More formally, data drift occurs when the statistical properties of the data used to train a machine-learning model change over time. This means that the data the model is currently processing differs from the data it was trained on, potentially impacting its accuracy.
Why is Data Drift Important?
Data drift can significantly impact a model's performance, similar to a professional football player suddenly being asked to play cricket without any additional training. The model, like the athlete, struggles when the type of data it 'understands' changes, leading to decreased accuracy and effectiveness.
Understanding and monitoring this drift is crucial for maintaining the efficacy of machine-learning models in dynamic environments. Giskard offers tools to identify these changes, ensuring that models remain reliable and accurate over time.
Before diving deeper, let’s preview what this tutorial will cover:
- Types of Data Drift – Understanding the different types of data drift.
- Drift Tests available in Giskard – Exploring the drift tests available in Giskard.
- Building Test Suites for Various Use Cases – Creating test suites to monitor data drift in different scenarios.
- Input Feature vs Target Feature Drift Detection – Understanding the relationship and differences between input feature drift and prediction drift.
Types of Data Drift
There are two primary types of drifts in data:
1. Concept Drift
Concept Drift is identified when the relationship between the input data and the output changes over time. That is for a given input X what is the output Y, is it similar to before or has it changed?
This phenomenon can be categorised into four types, as outlined in "Learning under Concept Drift: A Review" by Jie Lu et al.:
- Sudden Drift: This is characterised by an abrupt change in data patterns, where the new data distribution differs significantly from the old one.
- Gradual Drift: Here, the data evolves slowly over time, leading to a gradual change in the model's performance.

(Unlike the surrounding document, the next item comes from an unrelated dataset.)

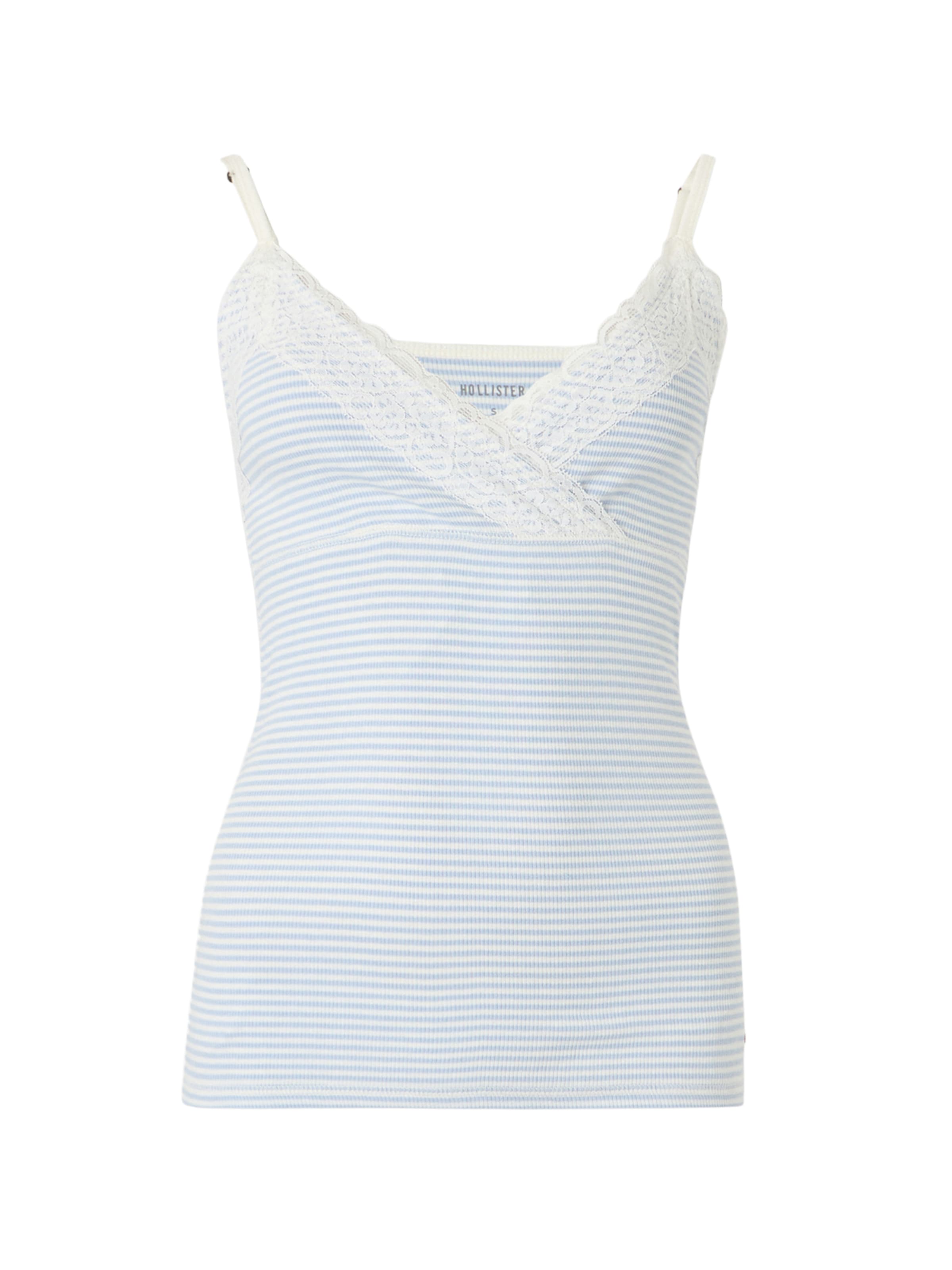 HOLLISTER Топ в Синий: спереди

- Incremental Drift: This involves a progressive shift in the data, where the change is neither sudden nor gradual but occurs incrementally.
- Recurring Concepts: In this case, previously seen data patterns re-emerge over time, requiring the model to re-adapt to known conditions.
2. Covariate Drift
Covariate drift refers to changes in the distribution of the input variables (covariates) of the model, without any change in the relationship between input and output.
Conceptual Difference
- Change in Relationship vs. Change in Data: The key difference lies in what changes. In concept drift, the fundamental relationship between input and output changes. In covariate drift, the relationship stays the same, but the type or range of input data the model sees has changed.
- Adaptation Strategies: Addressing concept drift often requires retraining the model with new data that reflects the changed relationships. For covariate drift, ensuring that the model is exposed to and trained on a representative range of input data is crucial.
In this tutorial, we'll be focusing on exploring various tests used for detecting both covariate and concept drift.
Different Data Drift Tests in Giskard
There are four types of tests available in Giskard for both input features and target variables:
1. Kolmogorov-Smirnov Test (KS test)
The KS Test is a non-parametric method used to compare two sample distributions to assess if they originate from the same underlying population distribution. Its non-parametric nature makes it suitable for all distribution types, without needing the sample data to adhere to, for instance, a normal distribution.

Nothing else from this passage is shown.